In 2015, Rhode Island pioneered the Health Equity Zone Initiative, a community-focused program meant to help fill gaps in health care. But now the initiative’s future is hazy as it’s facing a funding gap.
The initiative is facilitated by the R.I. Department of Health, with the support of the R.I. Executive Office of Health and Human Services, and has expanded to include 15 health equity zones throughout the state. Each zone represents a different geographic area and is anchored by a backbone organization that serves as an administrative hub. Health equity zones are tasked with identifying their community’s unique health care needs and bringing organizations together to create programs to address them.
Over the last five fiscal years, almost two-thirds of the initiative’s funds – around $26 million of the $39.6 million budgeted – came from COVID-19 relief grants and other federal funds, with another 2.5% coming from general revenue, according to a RIDOH issue brief presented to the R.I. Senate in November 2023. Along with federal money, the program also largely relied on restricted receipts in previous years.
But because COVID-19 relief funds are quickly running out and restricted receipts that were meant for the initiative had to be reallocated to construct the new health labs, RIDOH requested $2.7 million in general revenue from Gov. Daniel J. McKee’s fiscal year 2025 budget.
Ultimately, McKee did not include funding for health equity zones in his budget proposal. RIDOH and EOHHS say they have been able to find other funding streams, so the gap stands at around $700,000.
McKee spokesperson Olivia DaRocha said in a statement to Providence Business News that over the last five years no more than $200,000 per year in funding came from general revenue in the form of allocations from RIDOH’s Office of Minority Health. So, an additional $1 million in non-health-related general revenue from untapped sources for fiscal year 2025 would have been “unprecedented and unsustainable,” she said.
Joseph Wendelken, a spokesperson for RIDOH and EOHHS, said, “Narrowing health disparities and promoting health equity” are priorities for the state agencies and they are looking for other ways to fill the funding gap.
One of these is a request to U.S. Sens. Sheldon Whitehouse, D-R.I., and Jack Reed, D-R.I., for $700,000 of congressional funds. Representatives for Whitehouse and Reed did not respond to PBN’s request for comment.
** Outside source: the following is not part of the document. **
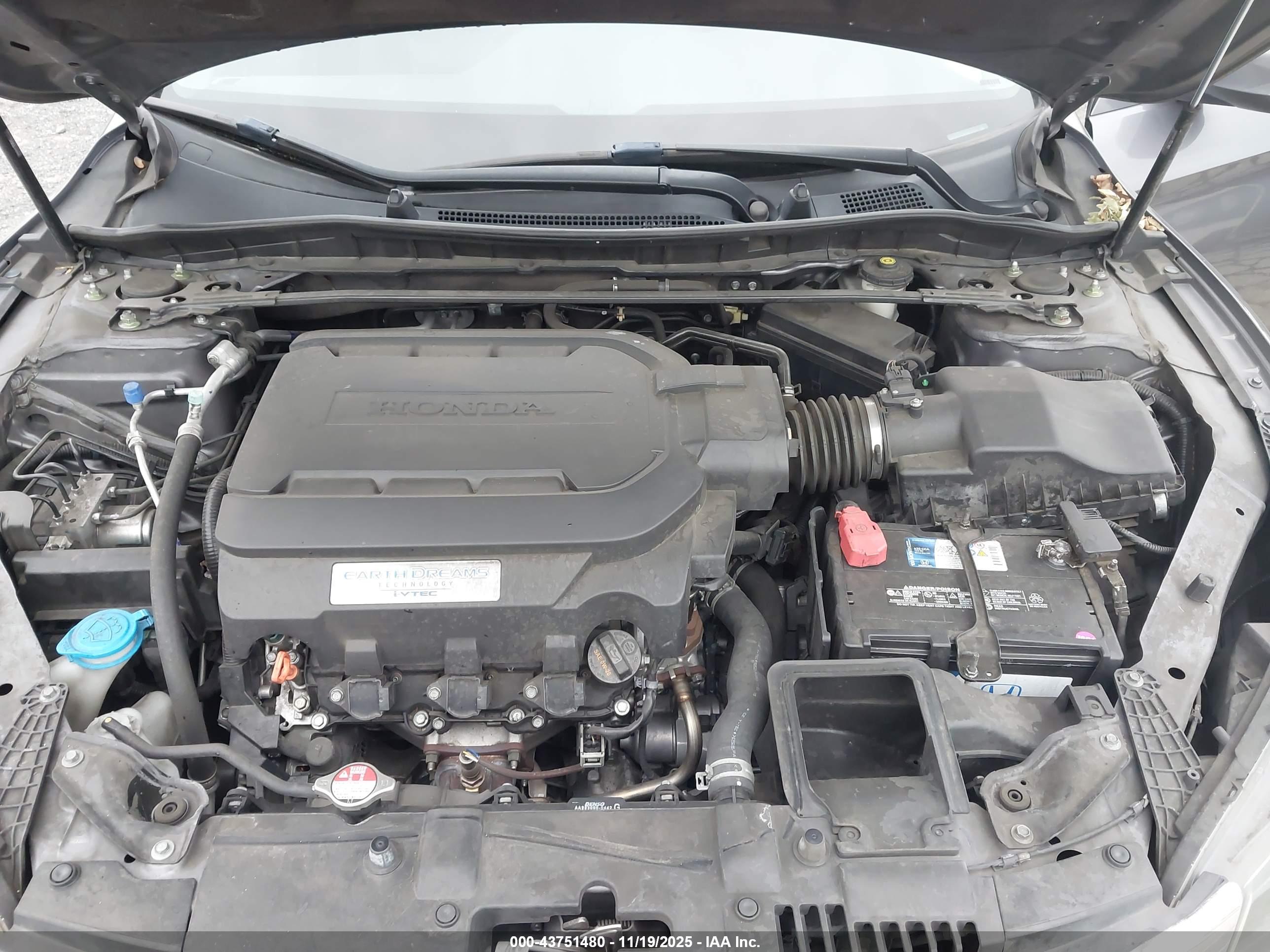 HONDA ACCORD image 10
While it’s uncertain where the funds will come from, leaders of the state’s health equity zones are concerned about the initiative’s viability.
“We are alarmed,” said Rita Capotosto, vice president of the East Bay Community Action Program, which is the backbone organization of the Bristol, East Providence and Warren health equity zones.
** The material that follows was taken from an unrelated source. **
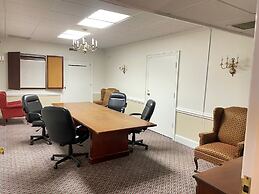 Ramada by Wyndham Seekonk Providence Area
Beginning on July 1, Capotosto said infrastructure funding, which goes toward staff and overhead expenses for the zones she oversees, will be reduced by 27.5%. While Capotosto says she’s still figuring out the budget for the next fiscal year, this drop in funds could mean cuts to staff and reducing the kinds of programs offered to community members.
“We’re going to have to take a hard look at all the work that we’re doing,” said Capotosto, who has lost staff members concerned about job security.
Health equity zone leaders agree that these losses would be detrimental to community members who have come to rely on the initiative.
The initiative’s community health workers have served almost 254,000 Rhode Islanders by providing resources such as meal deliveries, assistance with the Supplemental Nutrition Assistance Program, rent relief and other benefit applications, and training to use digital equipment.
“Without them [HEZs], there’s going to be a lot of individuals not being served,” said Melissa Sigua, health equity zone program manager for Wood River Health, which is the backbone agency of the Washington County Health Equity Zone. “It’s quite unfortunate.”
Sigua said that a key component of the health equity zone’s success is connecting organizations throughout the region that don’t usually work together to pool their resources. But this level of collaboration is in jeopardy if funds run out.
As health equity zone leaders are working to fill the immediate funding gap, they’re also concerned about sustaining the initiative long term.
DaRocha said that after fiscal year 2025, the initiative will “need to identify a sustainability plan beyond its existing funding sources if it plans to maintain its current level of service.”
Health equity zones have and will continue to fundraise, but sustained state support is valuable because funds are more equally distributed to communities and it allows for a more coordinated approach, said Anusha Venkataraman, managing director of ONE Central Providence, which operates under ONE Neighborhood Builders and convenes the Central Providence Health Equity Zone.
“That is how systemic transformative change happens, that is how the state government has improved and has [added value] partnering with communities,” Venkataraman said. “It would be a disservice to the work for it to be a piecemeal approach. … That’s where you’re going to see the same inequities that continue to drive gaps and outcomes arise.”
(Correction: An earlier version of this story gave an incorrect in the 11th paragraph on how much infrastructure funding will be reduced on July 1. It will be reduced at 27.5%, according to Riat Capotosto, East Bay Community Action Program vice president.)